Am Montag dieser Woche hatte Habeck seine Pläne für eine „Einsatzreserve“ vorgestellt. Demnach sollen zwei der drei noch laufenden Meiler – Isar 2 in Bayern und das von EnBW betriebene Kraftwerk Neckarwestheim in Baden-Württemberg – für den Notfall bereitgehalten werden. Bislang war vorgesehen, dass alle drei noch aktiven Atomkraftwerke Ende des Jahres vom Netz gehen. Hintergrund dieser Planänderung ist der jüngste Stresstest der deutschen Stromnetze, den die Übertragungsnetzbetreiber durchgeführt hatten. Sie kamen zu dem Schluss, dass die Meiler im Ernstfall einen Beitrag zur Versorgungssicherheit leisten können.
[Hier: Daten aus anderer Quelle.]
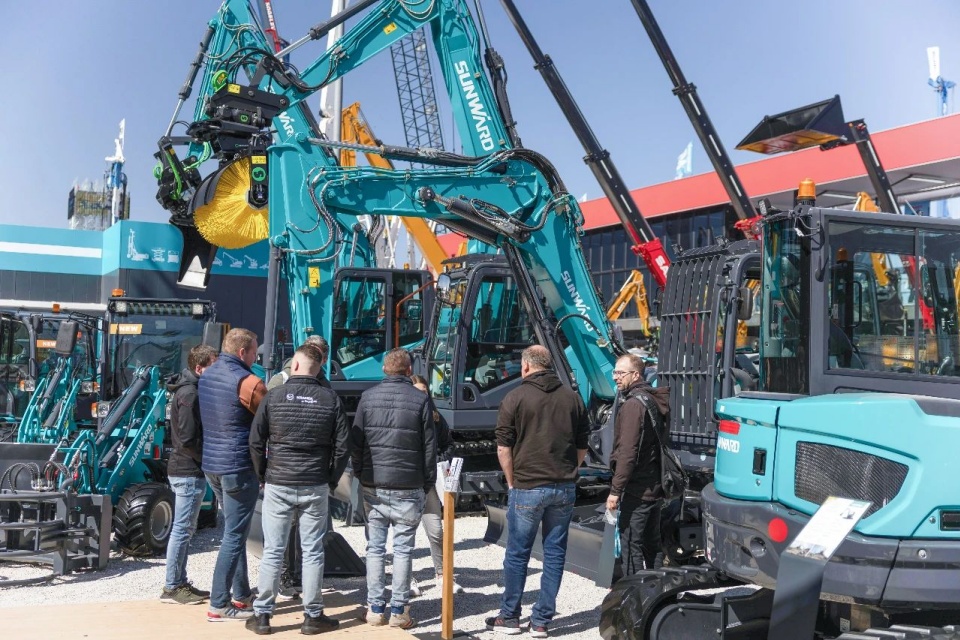 Bauma 2025 | 聚焦2025德国宝马展，探索beat365官网的创新设备与可持续解决方案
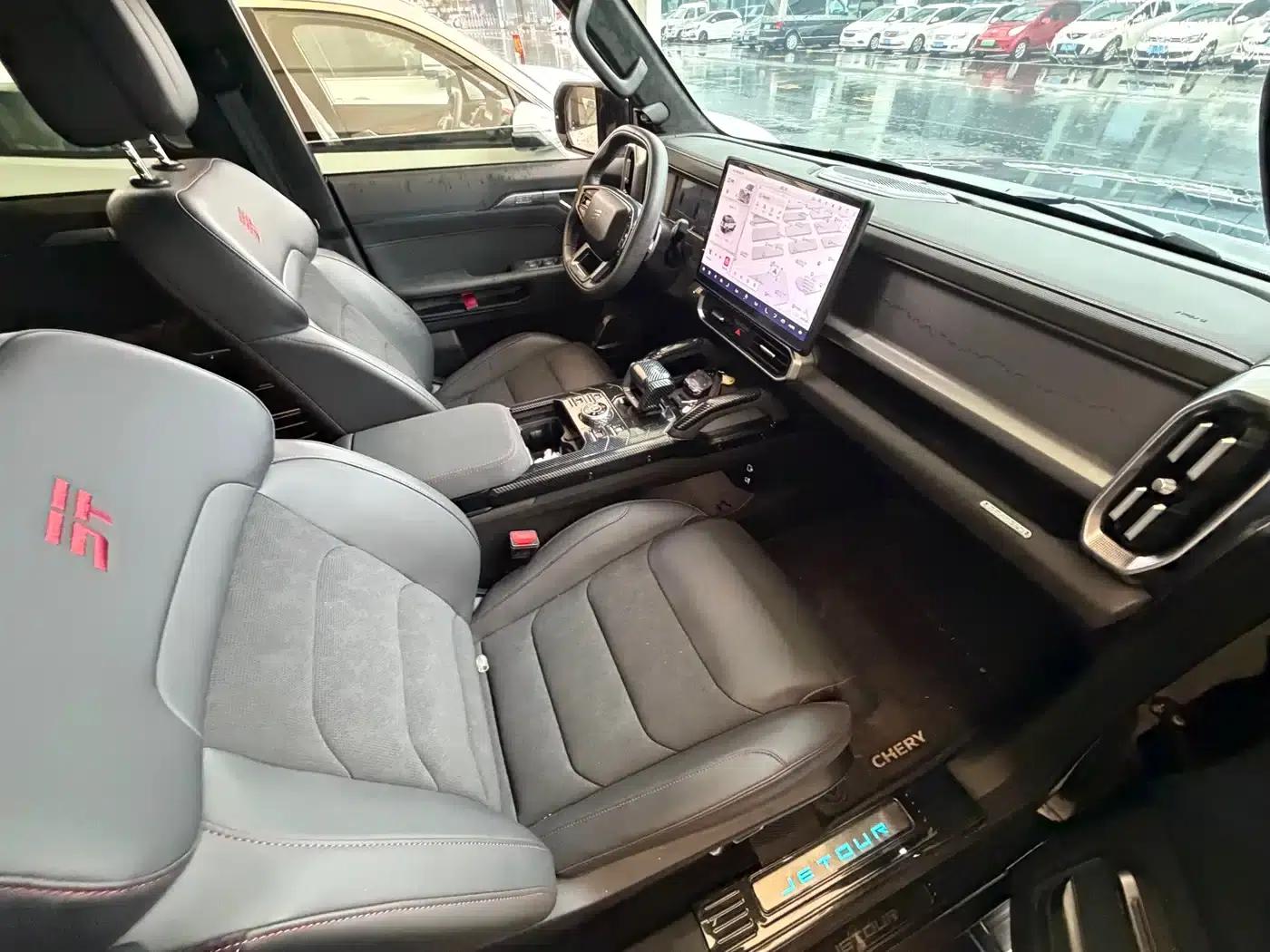 Jetour Traveler 2023 2.0T 4WD Adventure PRO+ — миниатюра 3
Im seinem Brandbrief schreibt Preussen-Elektra-Chef Knopp, man habe das Ministerium bereits am 25. August davon unterrichtet, dass im Streckbetrieb „ein flexibles Anheben oder Drosseln der Leistung nicht mehr möglich ist“. Das gelte umso mehr, wenn die Anlage komplett heruntergefahren werden solle, wie Habecks Plan es vorsehe. „Dann nämlich ist mit den eingeschränkten Möglichkeiten eines solchen Reaktorkerns ein Wiederanfahren im fortgeschrittenen Streckbetrieb nicht und schon gar nicht kurzfristig innerhalb einer Woche machbar“, heißt es weiter in dem Schreiben.

Anders als Preussen Elektra hält sich der Neckarwestheim-Betreiber EnBW mit öffentlicher Kritik zurück. „Wir sind aktuell im Austausch mit dem Bundeswirtschaftsministerium zur Klärung der konkreten Details und unserer Fragen“, zitiert der „Spiegel“ eine Konzernsprecherin. Erst danach könne man die technische und organisatorische Machbarkeit bewerten.
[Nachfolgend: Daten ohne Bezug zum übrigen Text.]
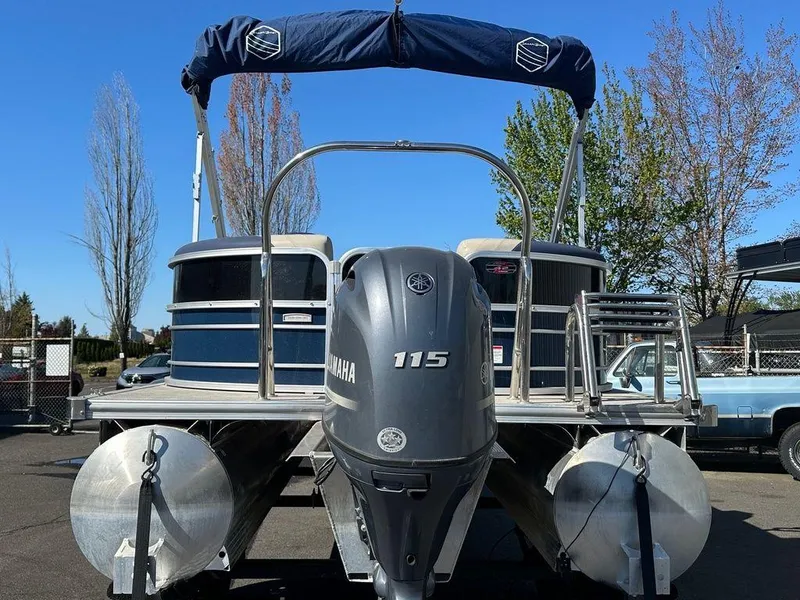 Slide: The Image of South Bay 222RS LE 25" 2021 - 2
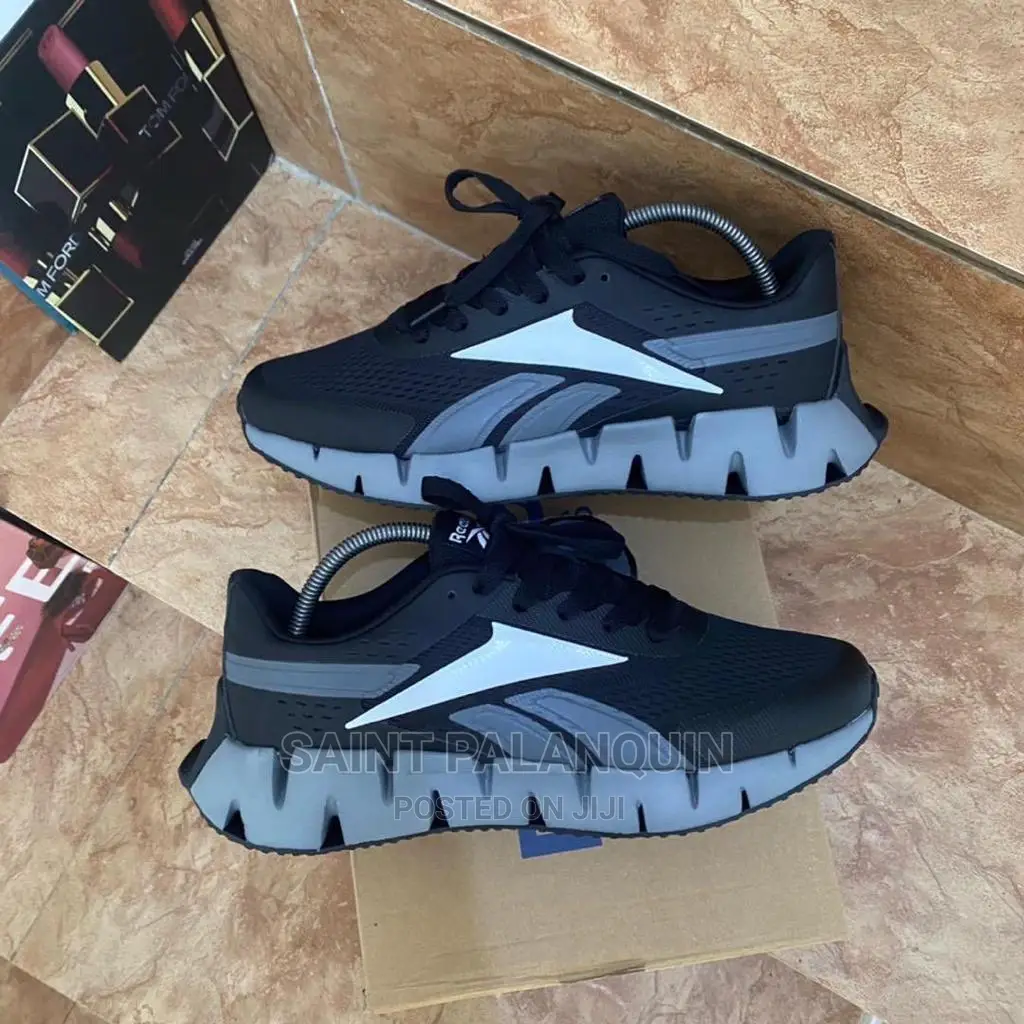 Adidas Sneaker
Habeck wies in seiner Replik auf den Brandbrief von Preussen Elektra gleich mehrere Annahmen des Betreibers zurück. Zum einen gehe es „bei der Einsatzreserve nicht darum, die Atomkraftwerke hoch und runter zu fahren“, so Habeck. Ausgehend von der Versorgungssituation und entlang der Stresstestszenarien solle einmal entschieden werden, „ob man die Kraftwerke braucht oder nicht“.

Zum zweiten wirft Habeck dem Betreiber Widersprüche in dessen Argumentation vor. Preussen Elektra habe an dem besagten 25. August in einem Brief gesagt, für einen Streckbetrieb des Kraftwerks brauche es einen kurzfristigen Betriebsstillstand. „Genau das ginge aber – so sagen sie es heute – nicht bei einer Einsatzreserve. Das ist technisch nicht ohne weiteres nachzuvollziehen, deswegen werden wir diese Gespräche jetzt nochmal führen, was denn eigentlich gilt“, sagte der Minister.

Habecks dritter Einwand bezieht sich auf die Revision, also die jährliche Sicherheitsüberprüfung des Kraftwerks. Auch hier gingen der Betreiber und das Ministerium offenbar von unterschiedlichen Annahmen aus. Habeck kündigte an, dass es weitere Diskussionen mit den Betreibern geben werde – „hoffentlich auch ohne die Öffentlichkeit“, so der Minister.

Unterdessen geht der politische Streit unvermindert weiter. So warf die Chefin der Mittelstands- und Wirtschaftsunion, Gitta Connemann (CDU), Habeck vor, Realität und Notwendigkeiten zu ignorieren. „Energieexperten mahnen seit Monaten, das Potenzial der AKW zu nutzen. Aktuell warnen die Netzbetreiber nach dem Stresstest davor, nicht alle Möglichkeiten, namentlich Kernenergie, zur Stromerzeugung einzusetzen“, sagte Connemann unserer Redaktion. Habeck schlage den Expertenrat in den Wind. Die CDU-Politikerin plädiert für den Streckbetrieb aller drei aktiven Kernkraftwerke und das Hochfahren der drei stillgelegten AKW.